■ **Exercise**:
Look through the data below and extract, unchanged, the lines from the one that contains "image for item" to the one that contains "Mocassins de Mulher", both included.

■ **Material for this exercise**:
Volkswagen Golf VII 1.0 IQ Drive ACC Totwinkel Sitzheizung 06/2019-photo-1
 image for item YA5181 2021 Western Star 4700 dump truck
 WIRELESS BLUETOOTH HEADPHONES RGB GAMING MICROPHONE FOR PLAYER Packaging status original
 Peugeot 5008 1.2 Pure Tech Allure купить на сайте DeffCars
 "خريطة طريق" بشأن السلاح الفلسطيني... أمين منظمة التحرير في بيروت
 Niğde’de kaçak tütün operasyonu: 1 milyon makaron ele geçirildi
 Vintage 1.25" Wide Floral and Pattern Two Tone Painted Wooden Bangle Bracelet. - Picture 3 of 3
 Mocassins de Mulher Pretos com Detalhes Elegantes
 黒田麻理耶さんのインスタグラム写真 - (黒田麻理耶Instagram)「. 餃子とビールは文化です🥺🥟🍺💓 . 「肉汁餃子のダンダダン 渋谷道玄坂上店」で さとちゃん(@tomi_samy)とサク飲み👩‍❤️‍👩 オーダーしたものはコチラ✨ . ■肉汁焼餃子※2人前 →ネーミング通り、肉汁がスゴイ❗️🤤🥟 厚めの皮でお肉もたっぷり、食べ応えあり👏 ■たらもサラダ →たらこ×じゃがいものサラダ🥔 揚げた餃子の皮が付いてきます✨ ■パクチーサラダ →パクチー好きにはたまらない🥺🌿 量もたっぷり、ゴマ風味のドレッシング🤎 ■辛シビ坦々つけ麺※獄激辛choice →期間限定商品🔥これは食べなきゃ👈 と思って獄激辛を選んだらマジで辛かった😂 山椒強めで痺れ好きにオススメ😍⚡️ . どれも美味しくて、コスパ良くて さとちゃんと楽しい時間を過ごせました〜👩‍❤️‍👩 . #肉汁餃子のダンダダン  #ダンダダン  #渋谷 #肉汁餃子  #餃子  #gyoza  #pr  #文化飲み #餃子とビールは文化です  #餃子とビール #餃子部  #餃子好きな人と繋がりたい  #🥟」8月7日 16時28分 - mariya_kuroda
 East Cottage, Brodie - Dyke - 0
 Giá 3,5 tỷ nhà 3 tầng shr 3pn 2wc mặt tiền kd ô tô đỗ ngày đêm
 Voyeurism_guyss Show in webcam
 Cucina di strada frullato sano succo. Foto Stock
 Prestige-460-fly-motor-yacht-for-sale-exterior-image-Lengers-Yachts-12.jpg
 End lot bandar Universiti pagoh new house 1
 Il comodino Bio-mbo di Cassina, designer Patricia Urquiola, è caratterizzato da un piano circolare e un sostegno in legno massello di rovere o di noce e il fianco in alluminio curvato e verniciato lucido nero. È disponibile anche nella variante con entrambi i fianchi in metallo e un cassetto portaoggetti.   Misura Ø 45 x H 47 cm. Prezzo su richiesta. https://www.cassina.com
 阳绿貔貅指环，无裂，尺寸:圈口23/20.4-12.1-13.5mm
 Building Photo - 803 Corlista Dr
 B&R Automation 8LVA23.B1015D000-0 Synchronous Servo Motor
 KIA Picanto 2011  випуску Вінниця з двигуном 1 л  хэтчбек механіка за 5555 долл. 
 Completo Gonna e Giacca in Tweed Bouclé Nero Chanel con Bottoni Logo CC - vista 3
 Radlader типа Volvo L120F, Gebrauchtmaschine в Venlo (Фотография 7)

■ **Answer box**:
 image for item YA5181 2021 Western Star 4700 dump truck
 WIRELESS BLUETOOTH HEADPHONES RGB GAMING MICROPHONE FOR PLAYER Packaging status original
 Peugeot 5008 1.2 Pure Tech Allure купить на сайте DeffCars
 "خريطة طريق" بشأن السلاح الفلسطيني... أمين منظمة التحرير في بيروت
 Niğde’de kaçak tütün operasyonu: 1 milyon makaron ele geçirildi
 Vintage 1.25" Wide Floral and Pattern Two Tone Painted Wooden Bangle Bracelet. - Picture 3 of 3
 Mocassins de Mulher Pretos com Detalhes Elegantes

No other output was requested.